Hello all, in this tutorial we will learn how to identify a vulnerability in an FTP server through the process of “Fuzzing” which could lead to a DoS or Buffer Overflow vulnerability identification. In this specific part we will use FTPFuzz to crash FileCOPA and identify a vulnerability in the LIST command.

First of all to get started, everything you will need to follow along this tutorial is downloadable in this .rar: http://sharingmatrix.com/file/713096/FileCOPAtutorial.rar

1) Get the .rar file mentioned above and set up FileCOPA and add a user with username “test” and password “test” (or whatever you want the username and password to be) and set the root folder to anything you like (here I used c:\ftp).

2) Just leave the server running, open Immunity Debugger and attach it to the process and press the play button to let it run.

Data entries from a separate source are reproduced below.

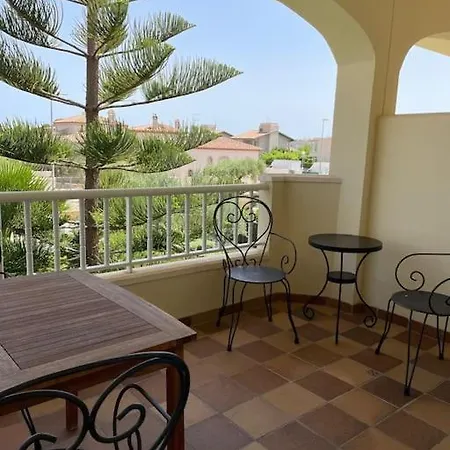 Duplex Mestral Apartment L'Ampolla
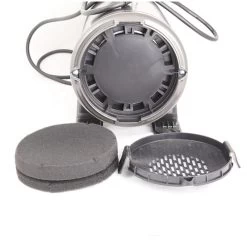 Shernbao Blaster Single Motor Dryer SHD2800P With Heater -Pet Products Store S SHD2800P 4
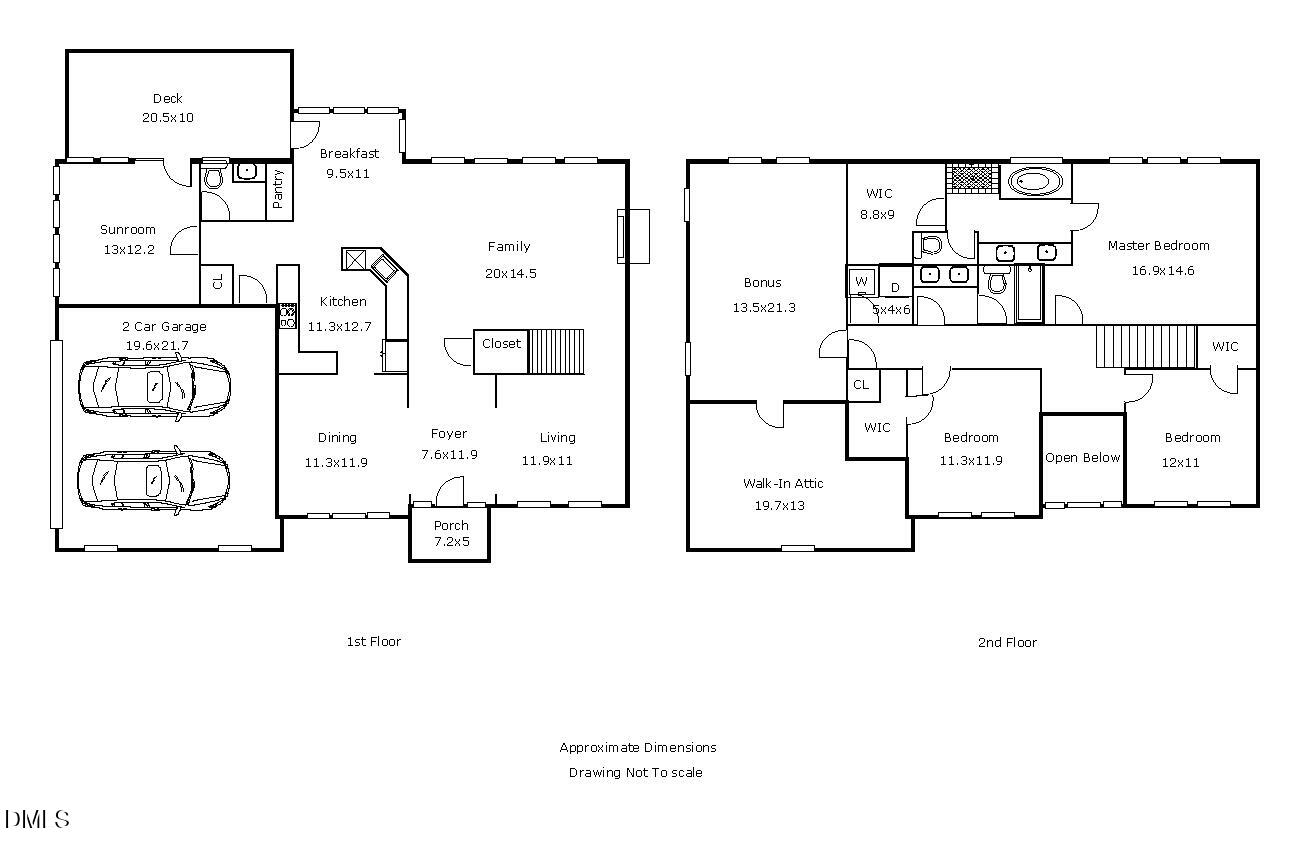 108 Marvista Court Property Photo 35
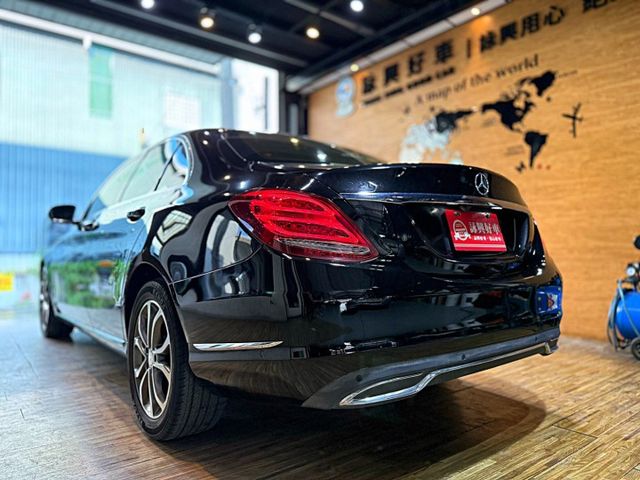 C200 I-KEY 記憶電動椅 快撥 恆溫 多功能方向盤 安全首選  第4張相片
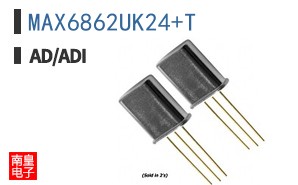MAX6862UK24+T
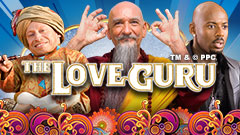 The Love Guru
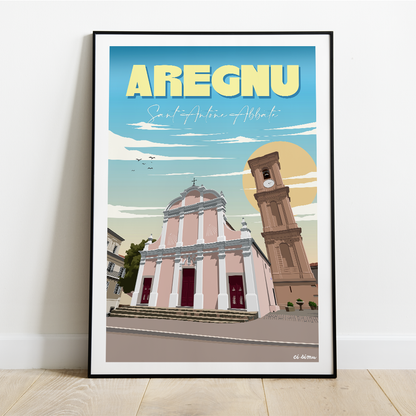 AREGNU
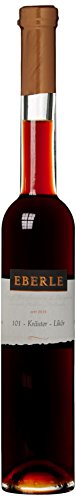 Eberle 101-Kräuter-Likör, 1er Pack (1 x 350 ml) von Eberle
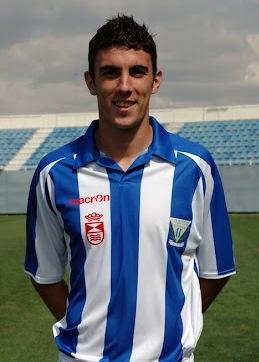 Abraham (C.D. Mstoles) - 2009/2010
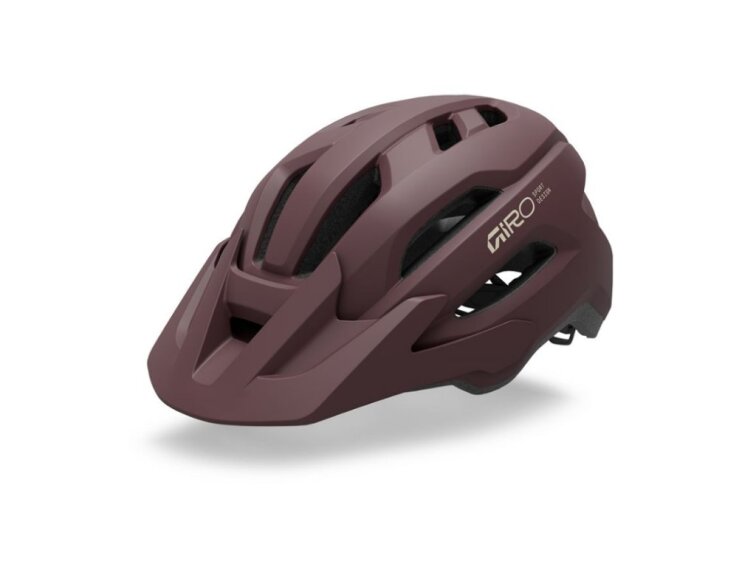 Helma Giro Fixture II W Matte Dark Maroon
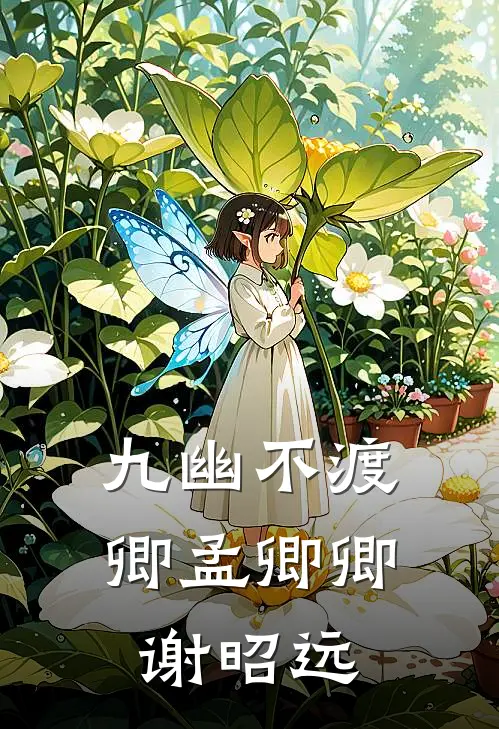 九幽不渡卿孟卿卿谢昭远
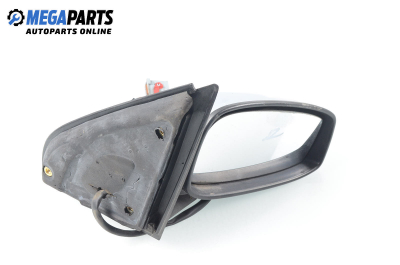 Mirror for Fiat Stilo 1.6 16V, 103 hp, hatchback, 2001, position: right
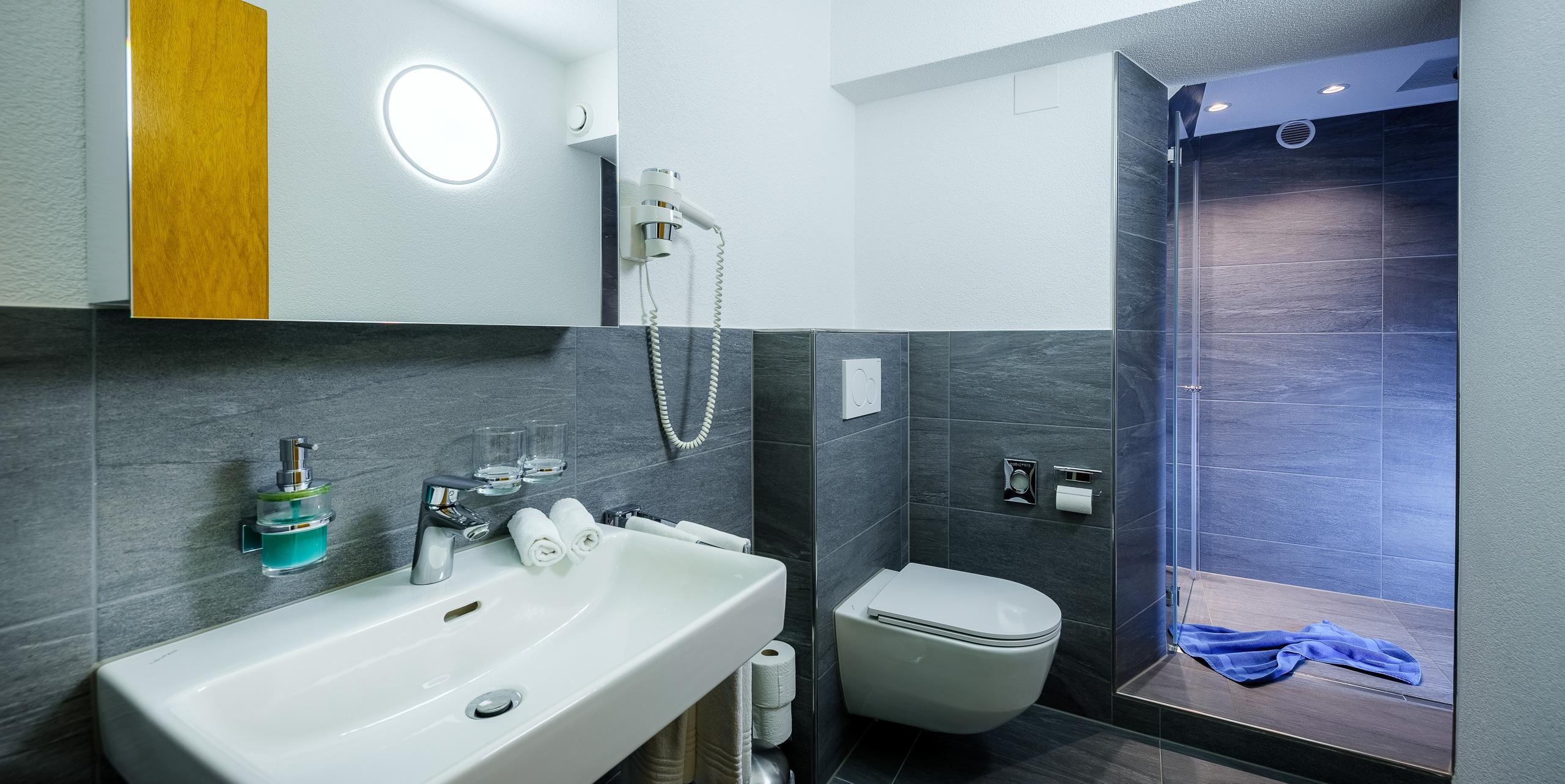 ABA_Bellavista 23 - Badezimmer ABA_Bellavista 23 - Badezimmer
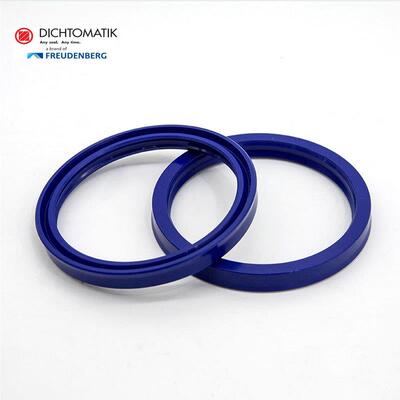 德国Dichtomaik密封德氏封活塞密封 车削件 科德宝FREUDENBERG油
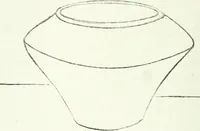 An illustration from Art (1916)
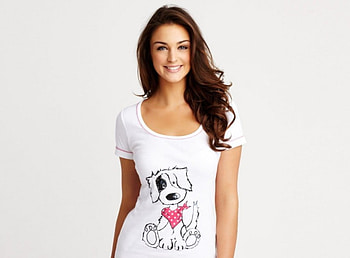 beauty smile, smiled, girl, people, beauty HD wallpaper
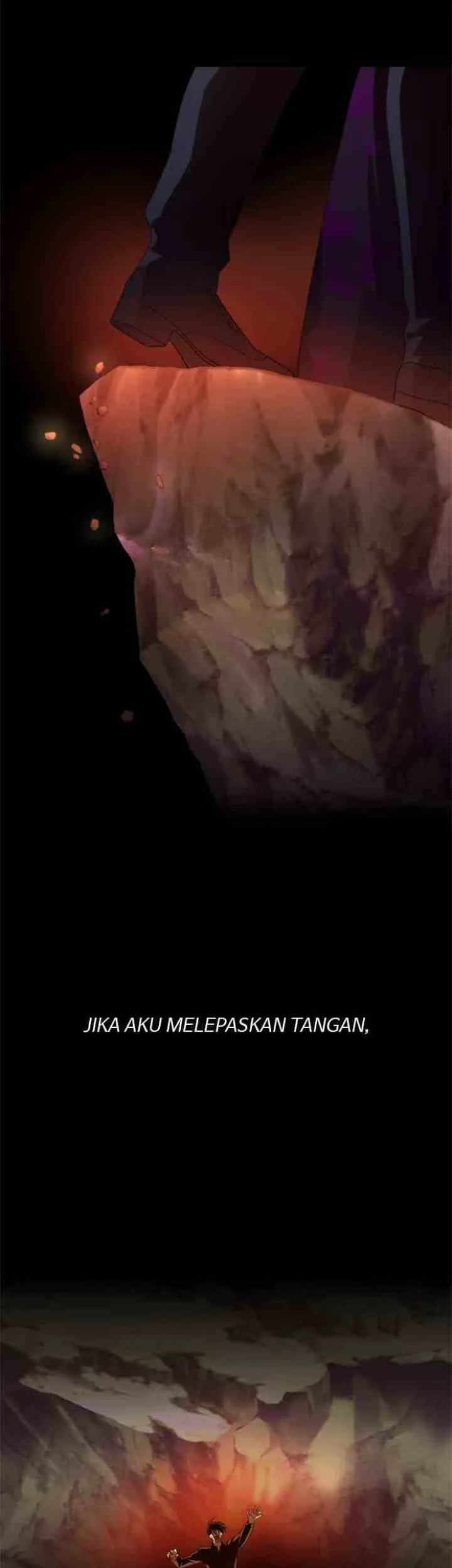 Your Throne Chapter 75 Gambar 16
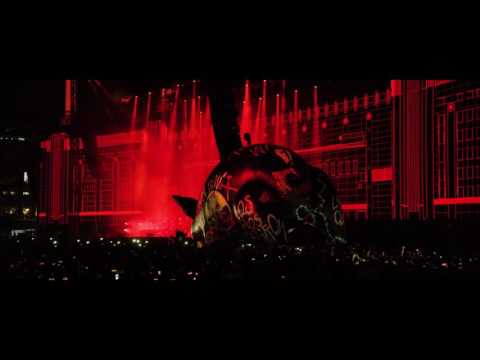 Roger Waters- Pigs ( three different ones) Live ☆HD☆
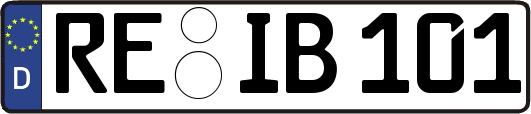 RE-IB101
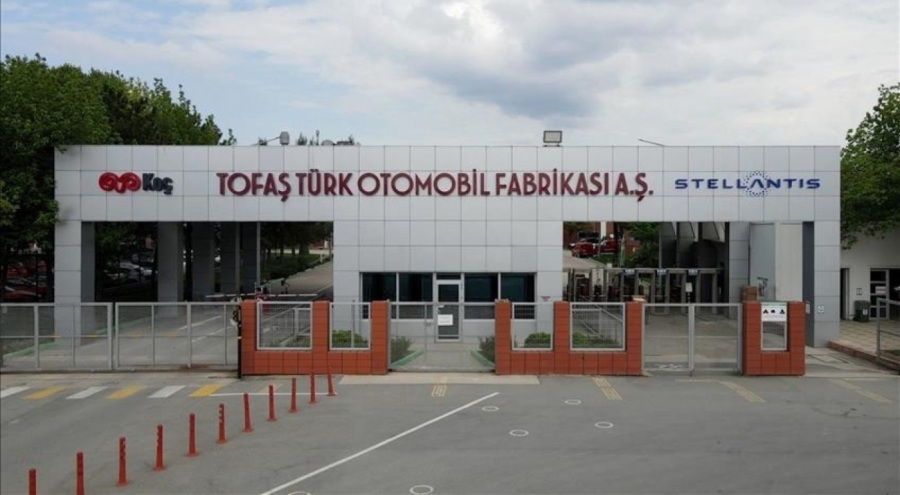 TOFAŞ'ta MESS sözleşmesi ihlal ediliyor! Fazla mesailer gelinmeyen günlere sayılacak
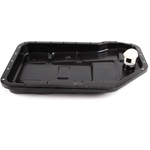 Order Automatic Transmission Oil Pan by MISSION TRADING COMPANY - 4670 For Your Vehicle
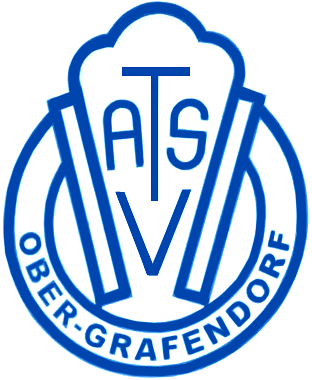 АТШФ Обер-Графендорф - логотип, эмблема клуба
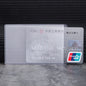 Men Short Bifold Faux Leather Masculina Billetera Credit ID Card Holder Wallet Billfold Purse Clutch Solid Hombre Business Slim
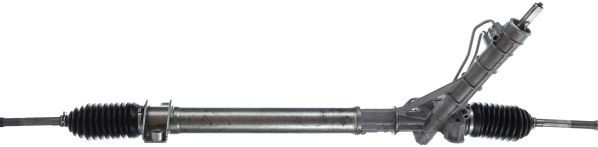 SPIDAN Tannstang 52569 SPIDAN 52569 Tannstang Renault Master III Minibuss pris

3) Open FTPFuzz and enter the host. Now press “Discover” to discover what FTP commands are available on this server. FTPFuzz will automaticly edit this.

Note: if this were a real-life test on a server with no known vulnerabilities, we would leave it as it is after FTPfuzz discovered the commands for us, but for this example I’ll only leave on “USER” “PASS” and “LIST” (the vulnerability is in LIST. USER and PASS are just to login on the test account).

4) Go to USER and PASS and edit the arguments to fit the username and pass you specified when setting up the server (in my case this is just test:test).

5) Let FTPFuzz run and wait for FileCOPA to crash… and jup… it crashes!

6) Inside Immunity Debugger we can now see the EIP and EBP have been overwritten with 0x20412041 (which is “A A “ — note the spaces — in reverse).

We have now identified a vulnerability when using the LIST command, followed many times “A ” (\x20\x41)

Take a moment to examine the following screenshot closely:

I hope you enjoyed this tutorial and that it has given you some insight on how to discover DoS or buffer overflow vulnerabilities.
In the next part, we will look at how we can exploit this vulnerability to execute remote shellcode. Please stay tuned for part 2, it will soon be posted.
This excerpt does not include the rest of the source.